С самого начала нашего изложения и довольно часто подчеркивалось, что если мысль, соотносимая с сущим в целом, одновременно должна соотноситься с осмысляющим ее человеком и даже прежде всего и всецело должна продумываться именно в ракурсе человека, тогда это касается и мысли о возвращении. Она была представлена как «величайшая тяжесть». Это существенное соотнесение мысли с мыслящим ее человеком, существенная вовлеченность мыслящего в саму мысль и продуманное в ней, то есть «очеловечение» мысли и представленного в ней сущего в целом,— все это проявляется в том, что вечность и тем самым время возвращения и, таким образом, его самого можно постичь только из «мгновения».

Как «мгновение» мы определяем время, в котором будущее и прошедшее «сталкиваются лбами», в котором сам человек, принимая решение, одолевает их и совершает их — тем что находится в месте этого столкновения, более того, сам есть это место. Временность времени такой вечности, которую необходимо мыслить в вечном возвращении того же самого, есть та временность, в которой прежде всего находится человек и, насколько нам известно, только он, потому что именно он, раз-решая будущее и сохраняя минувшее, формирует и выносит настоящее. Поэтому мысль о вечном возвращении того же самого, возникшая и утвержденная в такой временности, есть «человеческая» мысль в высшем и исключительном смысле. И кроме того, она, как кажется, потому вызывает опасение, что ею совершается сравнительно широкое очеловечение сущего в целом, то есть именно то, чего Ницше хочет избежать всюду и всеми средствами.

Но как в действительности обстоят с этим опасением очеловечения сущего, вызываемого мыслью о возвращении? Очевидно, что ответить на этот вопрос мы сможем только тогда, когда основательно рассмотрим саму эту мысль во всех ее отношениях и полностью ее продумаем. С другой стороны, в том месте нашего рассмотрения, где, как мы считаем, нам надо осмыслить доказательства в пользу этой мысли и тем самым ее саму в ее обоснованности и истине, необходимо прежде всего заострить внимание на том опасении перед очеловечением, которое грозит сделать все несостоятельным.
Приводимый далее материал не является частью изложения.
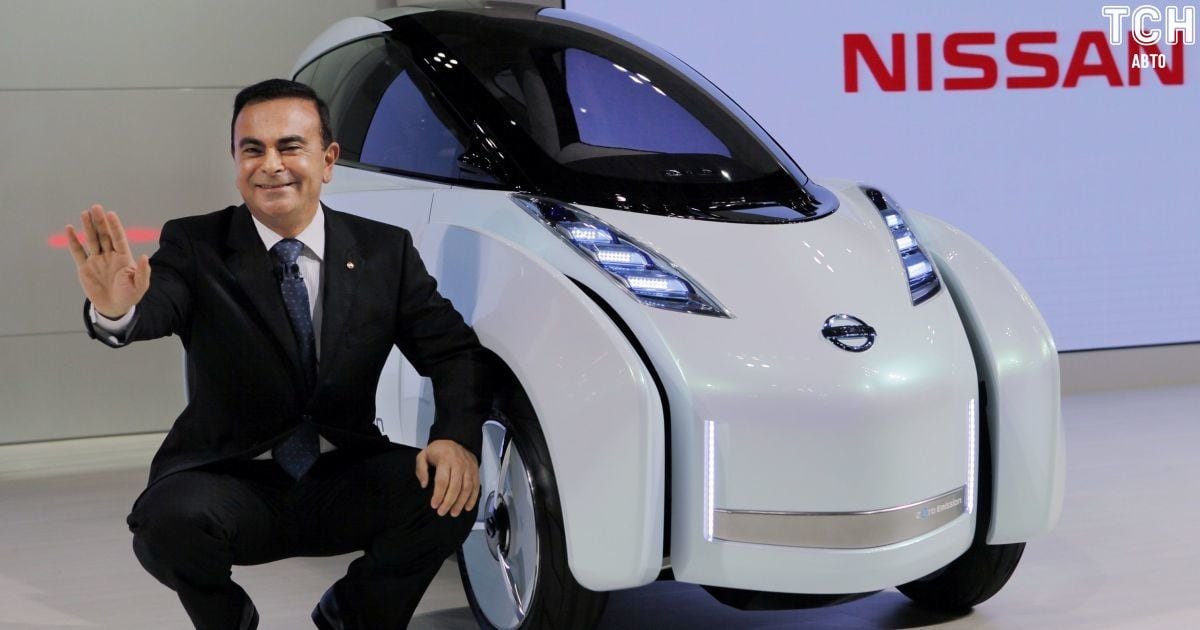 Екс-глава Nissan Гон звинуватив партнерів у змові та зраді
Всякое понимание сущего и особенно сущего в его целом уже как понимание человеком соотнесено с ним самим, то есть исходит от человека. Любое истолкование такого понимания есть разъяснение того, каким образом человек ориентируется в понимании сущего и как относится к этому пониманию. Следовательно, истолкование есть привнесение человеческих представлений и способов представления в сущее. Даже любое простое отношение к сущему, любое называние сущего в слове есть облачение этого сущего в человеческий образ, уловление (Einfangen) сущего человеческим (Menschliche), насколько слово и язык в высшем смысле отличают человеческое бытие.

Поэтому каждое представление о сущем в целом, каждое истолкование мира неизбежно является очеловечением его.

Такие соображения настолько убедительны, что даже тот, кто коснулся их в самых общих чертах, не может не видеть, как человек со всем своим представлением, созерцанием и определением сущего всегда загоняется в тупик своей собственной человечности. Самому ограниченному человеку можно показать, как непреложно всякое человеческое представление берет начало в каком-либо углу этого тупика, независимо от того, зарождается ли представление о мире в мышлении какого-нибудь отдельного великого и авторитетного мыслителя или же является постепенно проясняющимся сгустком представлений каких-либо групп, эпох, народов и их семей. Этот факт Гегель пояснил меткой ссылкой на наше словоупотребление, которое дает повод для далеко не самой поверхностной и надуманной игры слов.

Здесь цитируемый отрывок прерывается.